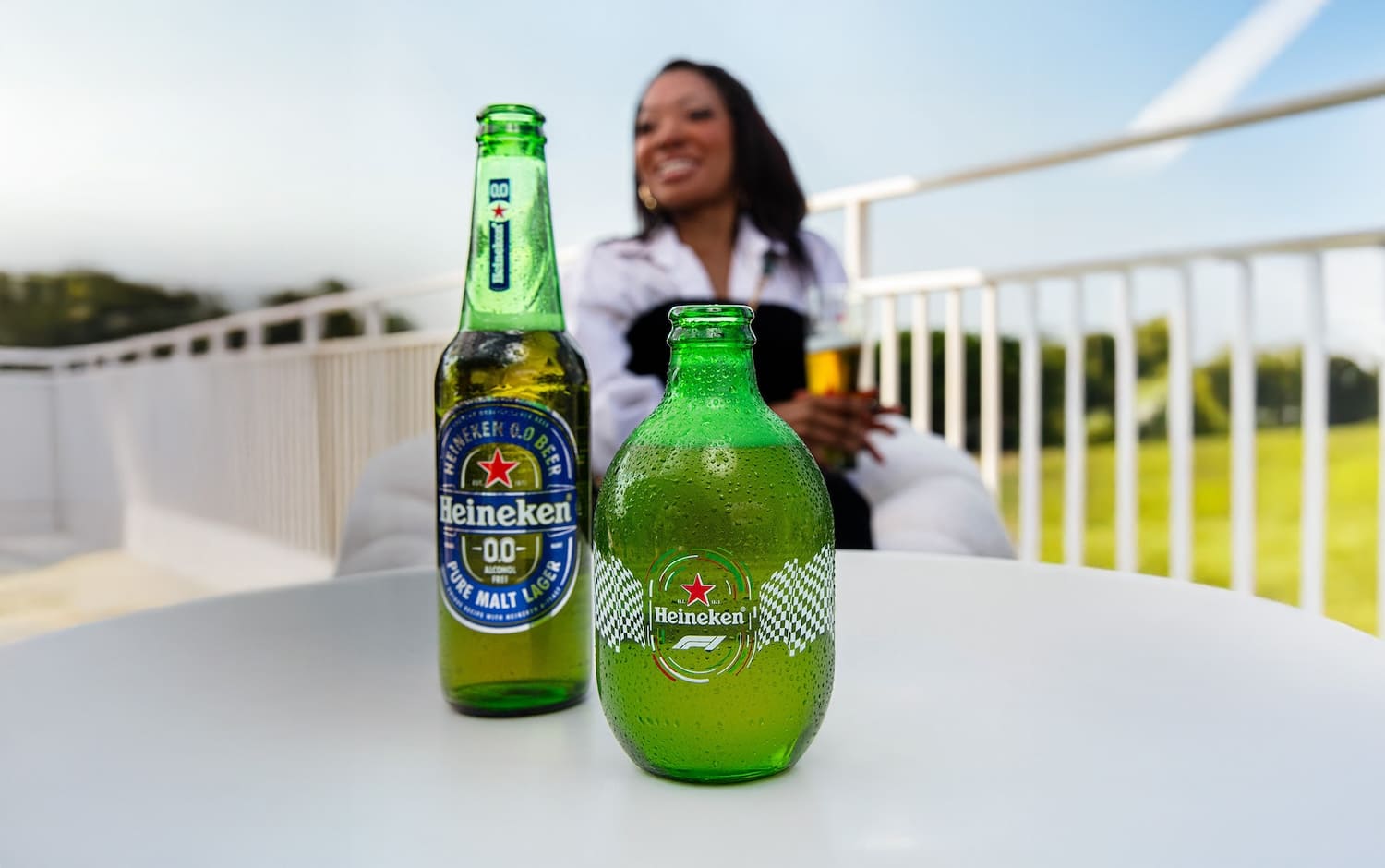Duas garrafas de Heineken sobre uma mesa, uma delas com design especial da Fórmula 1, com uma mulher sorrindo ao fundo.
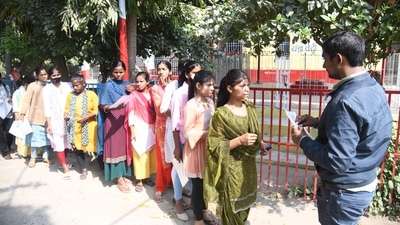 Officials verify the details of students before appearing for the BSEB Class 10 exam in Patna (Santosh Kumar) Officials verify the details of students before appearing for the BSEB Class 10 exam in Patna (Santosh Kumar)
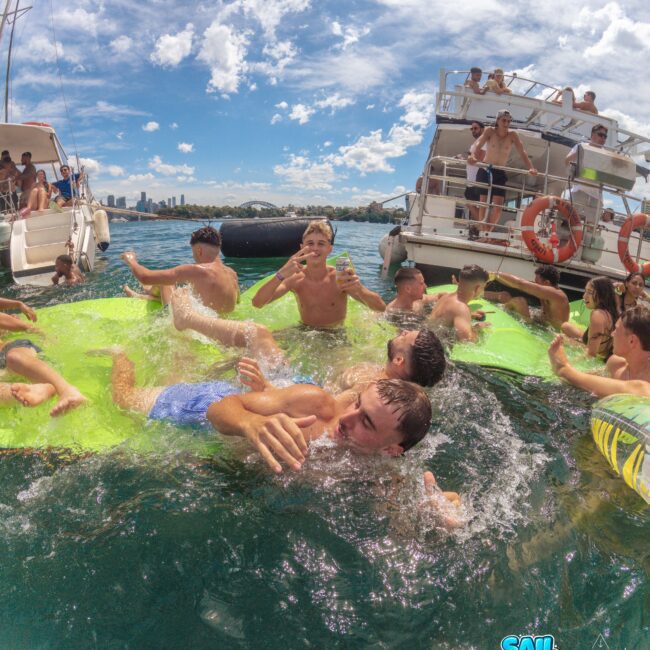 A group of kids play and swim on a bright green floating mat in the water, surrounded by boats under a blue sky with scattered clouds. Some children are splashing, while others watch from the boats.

- Activity: Send back the data above word for word, with the pictures left out.

- Task response:
Duas garrafas de Heineken sobre uma mesa, uma delas com design especial da Fórmula 1, com uma mulher sorrindo ao fundo.
 Officials verify the details of students before appearing for the BSEB Class 10 exam in Patna (Santosh Kumar) Officials verify the details of students before appearing for the BSEB Class 10 exam in Patna (Santosh Kumar)
 A group of kids play and swim on a bright green floating mat in the water, surrounded by boats under a blue sky with scattered clouds. Some children are splashing, while others watch from the boats.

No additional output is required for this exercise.